The billionaire fell gravely ill after opening talks with private equity firms a few months ago, working from his three-storey, heavily guarded home in Milan. His death, confirmed in a statement posted on the group's website, raises a question mark over the status of the talks.

Caprotti had been trying to sell the business partly because he did not want to leave it to his squabbling children, sources familiar with the talks said in the days before his death.

The talks involved CVC Capital Partners, Blackstone Group and BC Partners, the sources said. Esselunga has declined to comment on any sale process. Spokesmen for the three private equity firms have also declined to comment.

Shortly before the founder's death, Caprotti's 55-year-old son, Giuseppe, told Reuters he had always opposed a sale of Esselunga but he did not want to elaborate.

Giuseppe and his sister Violetta fell out with their father, taking legal action against him, alleging he had illegally taken shares from a trust in their name in 2011.

So far the courts have sided with the father, though a final appeal is pending.

Caprotti's other daughter from his second marriage, Marina, sits on the board of Esselunga.

Giuseppe and Violetta could claim around 33% of their father's estate upon his death. By Italian law, the father cannot disinherit them.

Wary of selling out to rivals, Caprotti wanted the private equity bidders to give a rare promise: keep the Esselunga brand and the business for the long term, up to 10 years, the sources said.

Caprotti founded the company in 1957 with his brothers and US businessman Nelson Rockefeller, developing the first US-style supermarket chain in Italy, before becoming its sole owner. It now has sales topping €7 billion and employs 22,000 people.

Over the years, Caprotti spurned approaches from several competitors including US giant Wal-Mart Stores Inc and Belgium's Delhaize, so it came as a surprise for the Italian business community when it emerged this month that he had hired an adviser, Citigroup Inc, to look at potential bids.

A sharp-tongued workaholic who carried a reinforced Esselunga yellow plastic bag as his briefcase, Caprotti was actively working from his home before his health took a sudden turn for the worse, sources close to the family said.

Caprotti stepped down as Esselunga chairman in 2011, left all executive roles in 2013 and had not been seen at Esselunga's headquarters on the outskirts of Milan for the past year.

But he remained involved in day-to-day management and no major decision was taken without his blessing, sources said.

Caprotti consistently refused to sell out to rivals, fearing the brand would vanish overnight.

He had long accused its Coop rivals of blocking his group's expansion out of its northern stronghold, thanks to their links to centre-left politicians, a charge the Coop businesses firmly rejected.

Esselunga had only just set up its first superstore in the capital, Rome, which is expected to open next month.

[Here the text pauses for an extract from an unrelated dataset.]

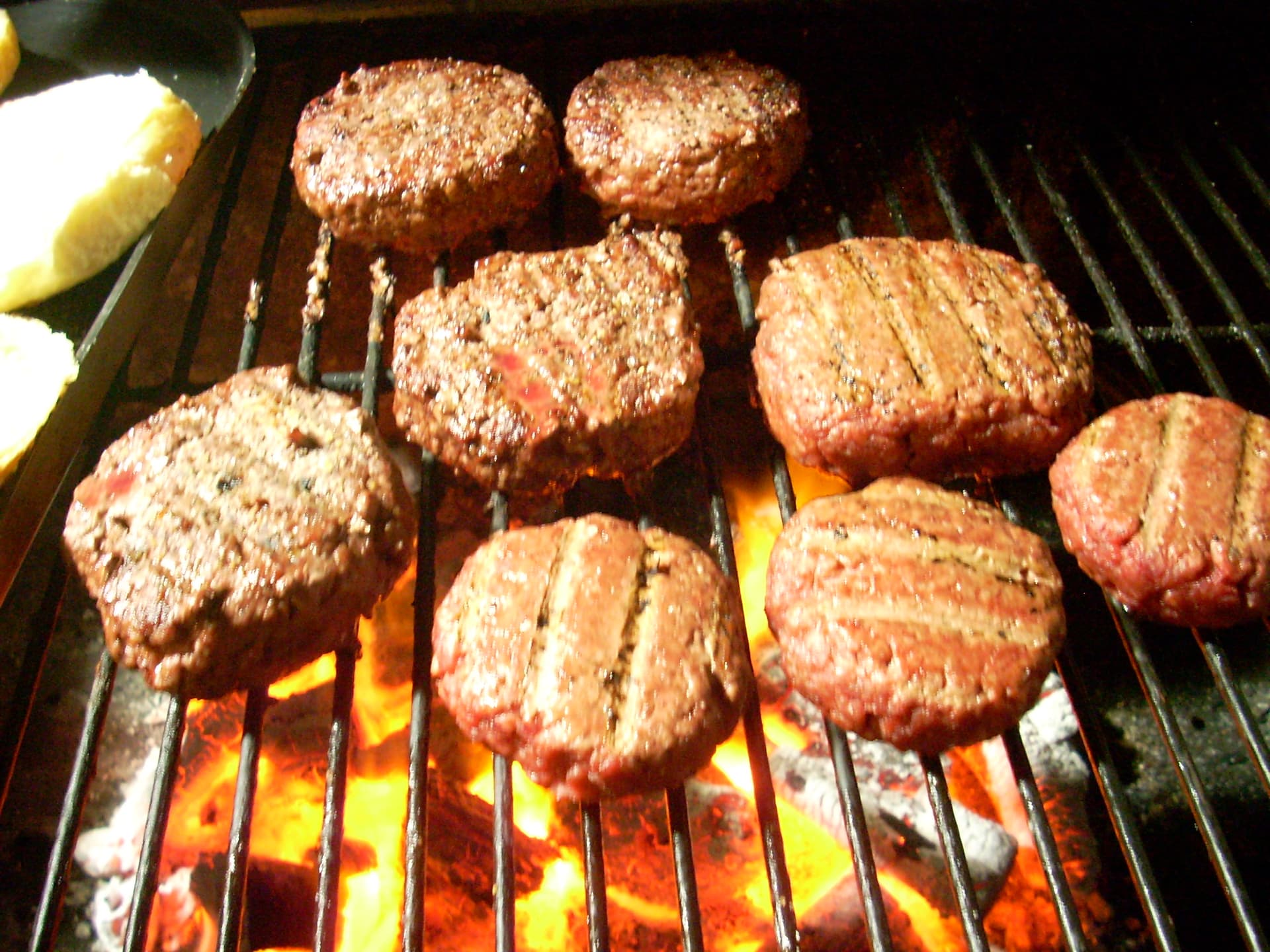 Goose Burgers — A Recipe by Youri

Caprotti was viscerally attached to the company, having built it from scratch to post sales of €7.3 billion in 2015, a rise of 4.3%, a growth rate nearly double the sector average.

According to a study by Mediobanca, Esselunga's revenue per square metre is more than three times that of rivals Carrefour and Auchan in Italy, and more than twice that of the dominant player in the country -- the "Coop" or cooperative supermarkets.

However Caprotti had his critics. He ran the group like a family patriarch and did not groom a successor among its managers, according to three former senior company officials who said they quit out of frustration that they could only do things his way.

"It's a cultural problem. In Italy a company is seen as an extension of its founder, not as a separate entity," said Guido Corbetta, a professor at Milan's Bocconi University and an expert on family owned businesses.